On Sunday, July 1, Canada turns 145. There will be picnics and barbecues and fireworks and much jollity will ensue over the course of a long weekend.
You measure time differently when you’re unemployed — an hour is still an hour, sure, but a day isn’t necessarily the same length, and a holiday weekend is a different animal altogether. When you’re working, you try to cram as many things as possible into the three- or four-day stretch, have the prescribed amount of fun while — if you’re me — also trying to spend as much time just relaxing as humanly possible before you have to return to work.
I don’t know what I’m going to do this weekend. I had hoped to be able to go to Nova Scotia for a short visit, but I finally admitted to myself yesterday that it’s not going to happen, which is contributing to my increasingly foul mood. My grandmother was born on July 1 and my family has a tradition of gathering for birthday celebrations that it carried on even after she died. It would have been nice to see the extended family, and to take a little trip up to Cape Breton to see friends at the tip of the beautiful Bras d’Or Lakes, before heading back to Halifax, the Annapolis Valley and the Baie Sainte-Marie
to spend time with other friends and family. There’s something about being with people who love you and want the best for you — and who’ve known you for decades and therefore have a better idea than you do yourself what you need — that soothes the soul and feeds the spirit, and I could use some of both.
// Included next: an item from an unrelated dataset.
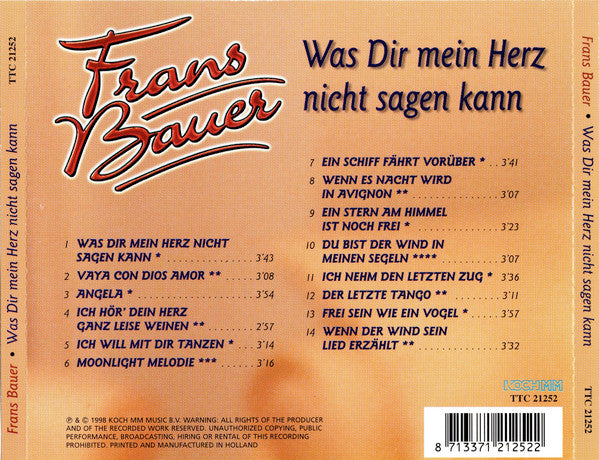 Frans Bauer : Was Dir Mein Herz Nicht Sagen Kann (CD, Album)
One of the best pieces of advice I’ve seen about coping with layoffs is to not isolate yourself — professionally or socially. That’s my go-to tendency — all the Myers-Briggs testing puts me firmly in the “introvert” corner, and as a general rule I’m far too happy with my own company. I have to work against my nature at the best of times. My neighbours have been good for getting me out of my bolthole. But on holiday weekends people tend to scatter to the winds — even on the Internet, the things that have been entertaining me will be less active because of the weekend — so I’m actually going to have to make an effort to get out and talk to people. I’m invited to a barbecue on Sunday, and from the sound of the forecast, tomorrow will be a good afternoon to sit in a dark, air-conditioned theatre watching the new Matthew McConaughey movie, which a friend has promised to come see with me. After that, I think Monday may take care of itself.